Arguing that avant-garde art was “behind the times,” Marxist historian Eric Hobsbawm pointed out that motion pictures appeared on the sociocultural scene at roughly the same time as Cubism did in the early twentieth century, but that cinema’s “techniques of multiple perspective, varying focus, and tricks of cutting”—bringing the awareness that different aspects of an object could be seen at the same time—were derived from, and an elaboration of, filmic innovations. The movies, Hobsbawm argued, are a more sophisticated and communicative form of art by dint of their technological ingenuity, well beyond anything that “advanced” painting could ever offer.
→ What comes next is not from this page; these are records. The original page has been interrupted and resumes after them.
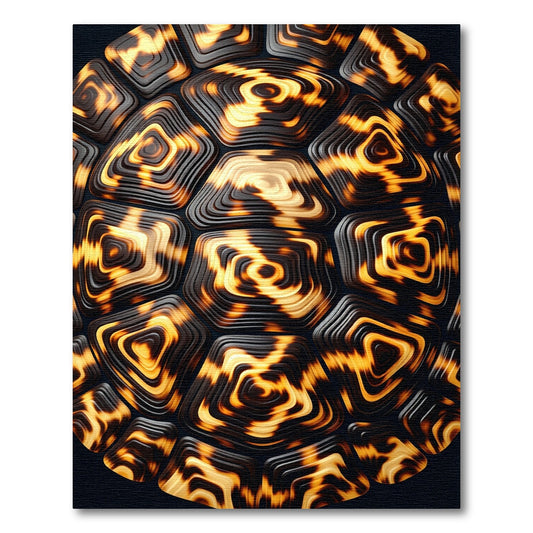 Amber Tortoiseshell Geometric Gradient Hexagon Rug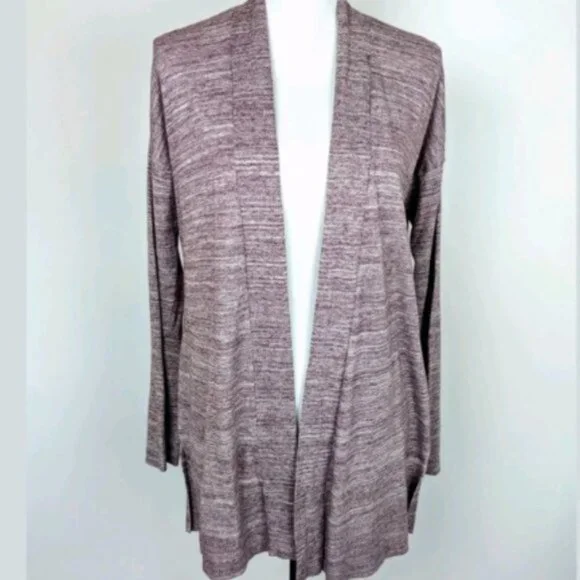 LOU & Grey Purple Cardigan Size Small - Picture 2 of 12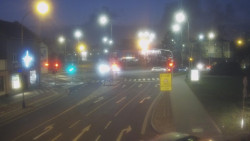 Křižovatka ulic Komenského a Velké Novosady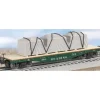 Trains*Lionel 6-27584 Reading 40' Flatcar with Covered Load - Model Train Junction: Quality Parts and Art Supplies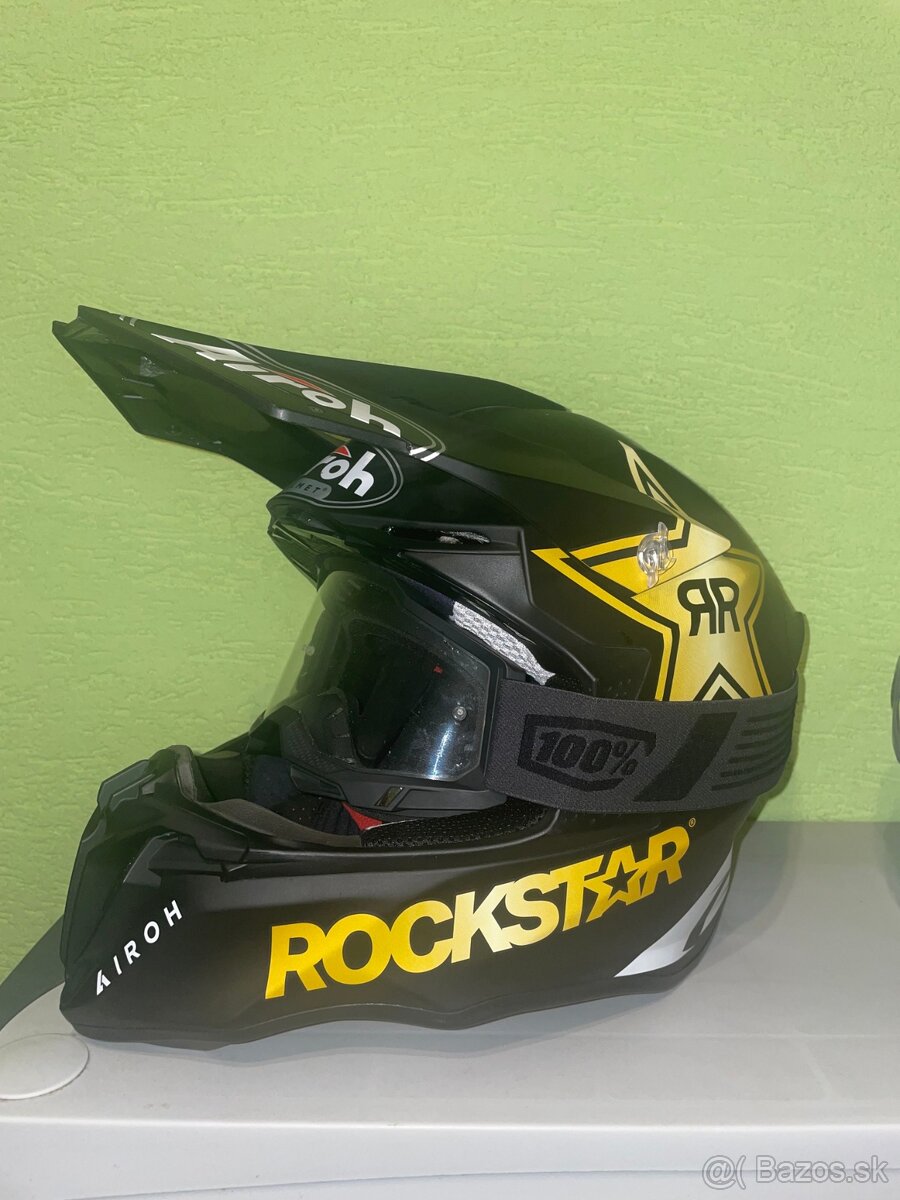 Helma Airoh Rockstar + okuliare 100%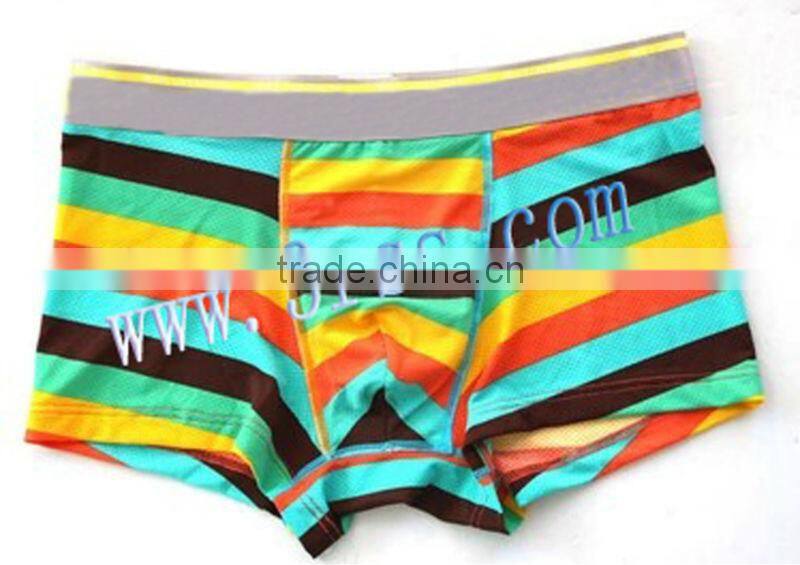 Breathable microfiber mens branded boxers underwear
Like Buridan’s ass, Tim Wilson seems stuck in a situation of undecidability: “Between Either and Or,” as the title of his exhibition at Nathalie Karg Gallery implies; that is, either film or painting. Though he’s chosen the latter as his medium, the subject matter of the lovely, moodily rendered works in this show was all derived from film stills.
Wilson’s paintings—all oil on paper mounted on linen stretched over panels—were modestly sized: None were taller than two feet, and the majority of them were roughly twelve inches wide. Each one either depicted a regal atmospheric still life or provided a glimpse into some uninhabited but marvelously furnished interior. Perfume (all works cited, 2021) is a portrayal of a desolate-looking dressing table in an airless room, bathed in satiny oranges, golds, and umbers. Atop the vanity sit a menagerie of scents and an eerily sentinel-like mirror. Stairway Ipresents a rather baroque version of the titular architectural feature. The steps are upholstered with crimson carpeting, and the elaborately carved newel at the stairwell’s entry is crowned by a heavy ormolu lamp. Perhaps the image is based on a scene from an old Hammer horror film or on some weepy eighteenth-century period piece.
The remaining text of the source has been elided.